Caption-style text data
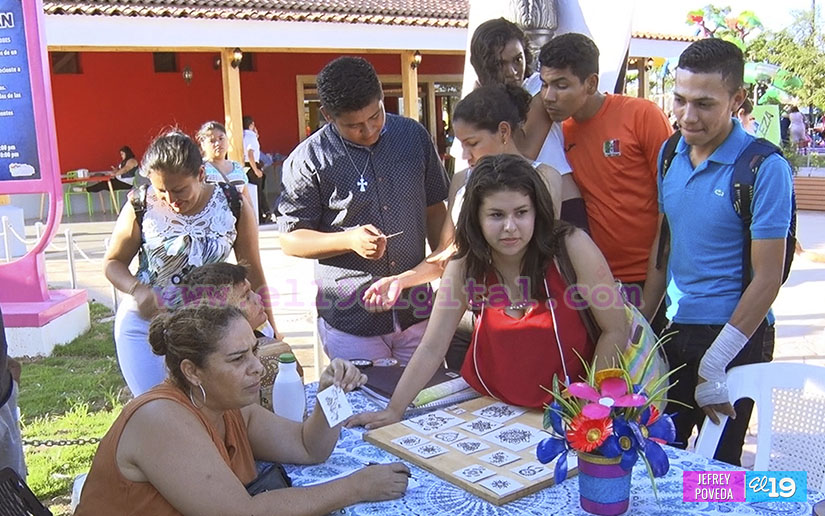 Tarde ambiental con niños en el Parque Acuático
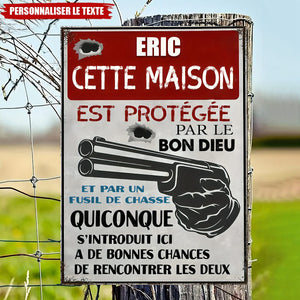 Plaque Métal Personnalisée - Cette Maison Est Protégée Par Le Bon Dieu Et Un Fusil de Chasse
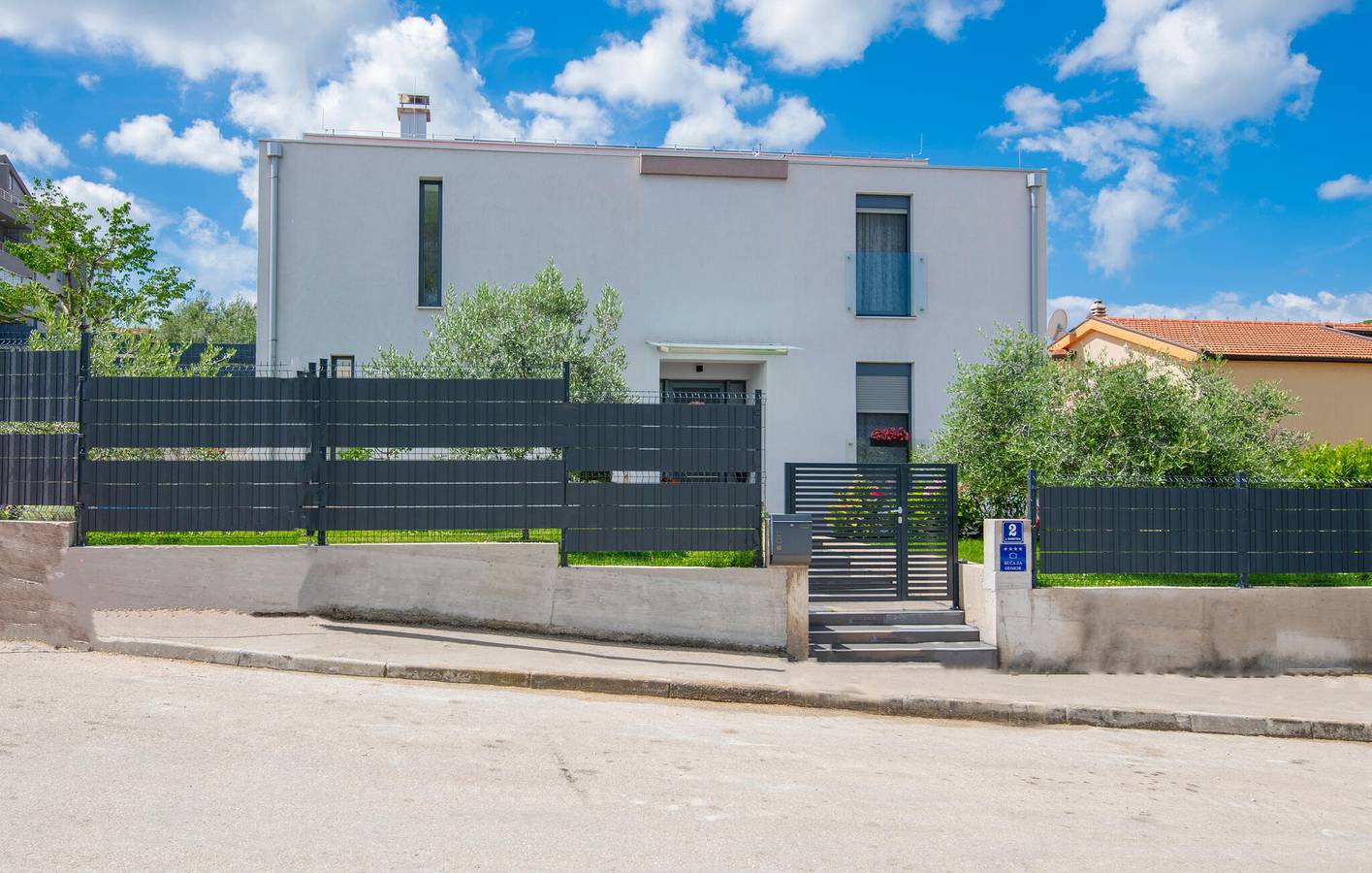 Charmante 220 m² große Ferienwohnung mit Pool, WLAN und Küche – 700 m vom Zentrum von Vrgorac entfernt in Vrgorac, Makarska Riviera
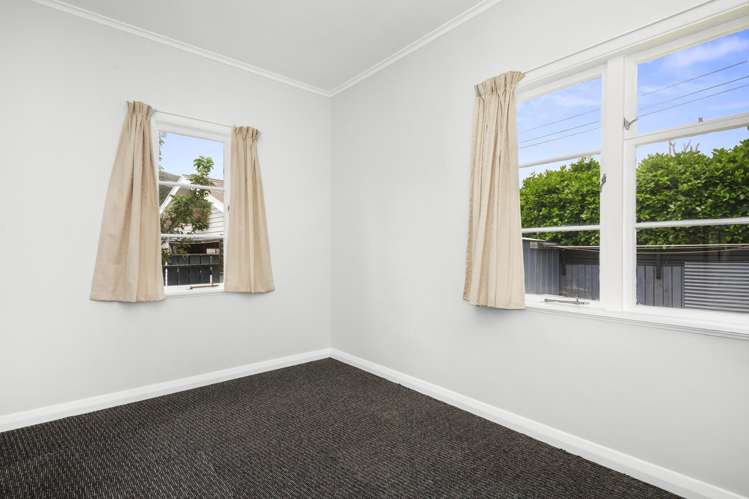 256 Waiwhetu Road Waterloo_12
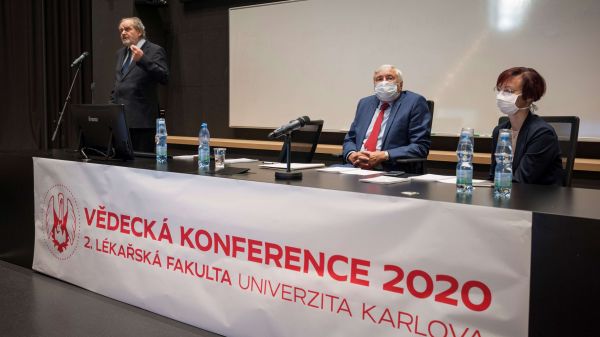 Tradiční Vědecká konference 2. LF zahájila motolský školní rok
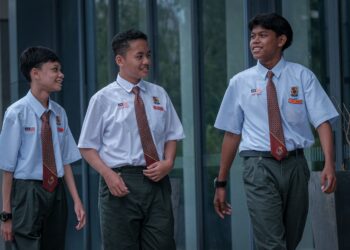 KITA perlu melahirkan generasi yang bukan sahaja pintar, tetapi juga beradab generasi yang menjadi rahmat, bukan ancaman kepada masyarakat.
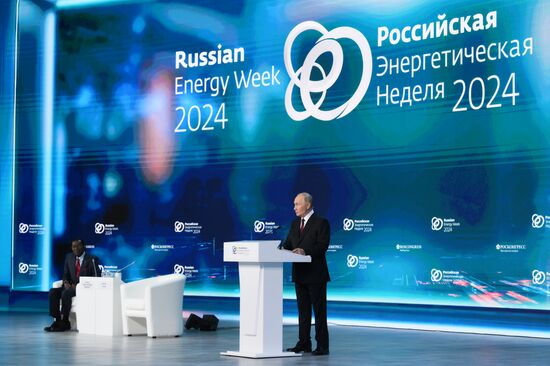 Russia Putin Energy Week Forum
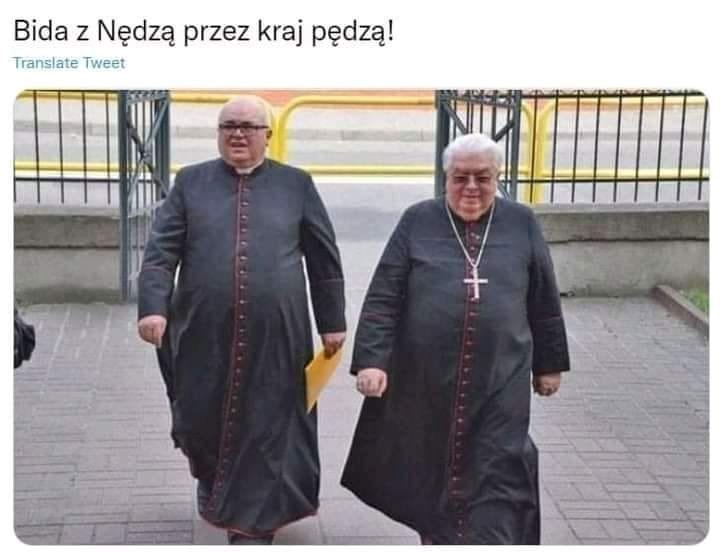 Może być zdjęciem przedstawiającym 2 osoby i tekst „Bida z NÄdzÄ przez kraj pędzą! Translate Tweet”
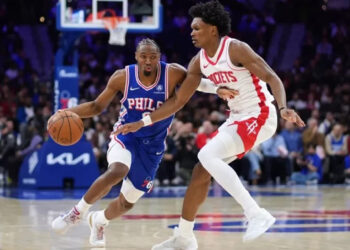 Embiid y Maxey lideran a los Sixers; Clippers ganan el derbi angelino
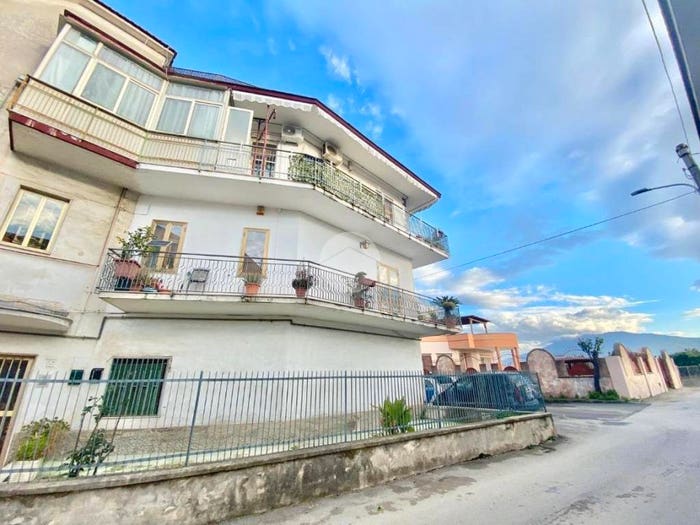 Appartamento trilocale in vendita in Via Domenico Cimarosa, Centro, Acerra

* **WORK TASK**
What you write must match, line for line, the records from the line containing "256 Waiwhetu Road Waterloo_12" through the last line, with every picture left out.

* **OUTPUT BELOW**
 256 Waiwhetu Road Waterloo_12
 Tradiční Vědecká konference 2. LF zahájila motolský školní rok
 KITA perlu melahirkan generasi yang bukan sahaja pintar, tetapi juga beradab generasi yang menjadi rahmat, bukan ancaman kepada masyarakat.
 Russia Putin Energy Week Forum
 Może być zdjęciem przedstawiającym 2 osoby i tekst „Bida z NÄdzÄ przez kraj pędzą! Translate Tweet”
 Embiid y Maxey lideran a los Sixers; Clippers ganan el derbi angelino
 Appartamento trilocale in vendita in Via Domenico Cimarosa, Centro, Acerra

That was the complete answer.